An Ontario court has denied bail for Tamara Lich, one of the key organizers of the Freedom Convoy protest that took place in Ottawa’s downtown core opposing federal COVID-19 mandates and restrictions.

An Ottawa court judge issued the decision on Feb. 22, after Lich said during a hearing that she would give up advocacy of the protest and return to Alberta.

Lich, who was arrested in Ottawa on Feb. 17 and charged with counselling to commit mischief, appeared before Ontario Court Justice Julie Bourgeois in a bail hearing on Feb. 19. Bourgeois reserved her bail decision on Lich until today.

“I cannot be reassured that if I release you into the community that you will not reoffend,'' Bourgeois said during the ruling.

“Your detention is necessary for the protection and safety of the public.'’

In addition to holding Lich in custody, Bourgeois ordered Lich to have no contact with other convoy organizers Benjamin Dichter, Christopher Barber, and Daniel Bulford.

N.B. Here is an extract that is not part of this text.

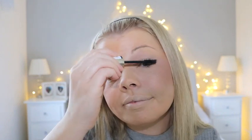I use the L'Oreal Volume Million Lashes for mascara. Next I'm just going to put a little bit of eyeliner on, and I use the MAC Kohl pencil for that.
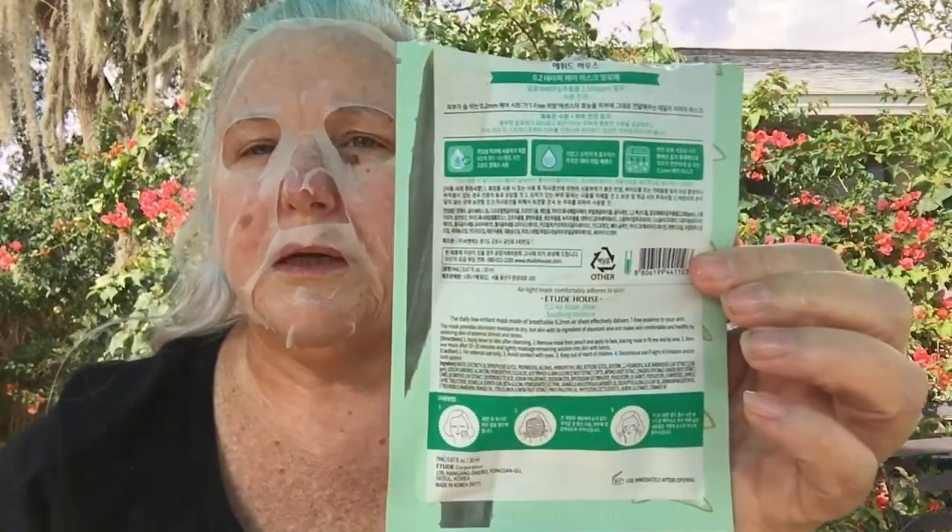Now that I look like Hannibal Lecter, let's check the directions — it says 10 to 20 minutes. I'm not going to make you sit here through all of it, but I'll be back and let you know what I think.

Barber was arrested the same day as Lich and released on bail on Feb. 19. Bulford was arrested on Feb. 18 and released 12 hours later with no charges.

Meanwhile, the House of Commons voted on Feb. 21 in favour of the federal government’s use of measures under the Emergencies Act to respond to the protests.

The Liberals and NDP voted to approve the measures, while Conservatives and Bloc Québécois voted against it.

The Senate is scheduled to start its own debate on the measures on Feb. 22.

On Feb. 14, the Liberal government invoked the Emergencies Act to give authorities sweeping additional powers to clear out the protesters that had parked in Ottawa’s downtown core for three weeks, including the ability to compel towing companies to remove trucks from the city’s downtown core.

Several financial measures were also brought in to reduce funding for the protests, such as the broadening of anti-money laundering regulations to encompass crowdfunding platforms and digital currencies. Under the new measures, banks are also able to freeze the accounts of individuals and corporations involved in the protests without a court order.

A majority of provincial premiers have said it was unnecessary to invoke the Emergencies Act.
In a video posted on social media, Alberta Premier Jason Kenney pointed to Alberta and Ottawa’s success in resolving the recent protests blockading the Canada-U.S. border crossings, which were in solidarity with the protests in Ottawa, without the need for additional powers.
Ottawa police said in a statement that as of 8 a.m. Feb. 21, officers have made 196 arrests, with 110 facing a variety of charges. The police also said 115 vehicles connected to the protest have been towed.
The Canadian Press contributed to this article.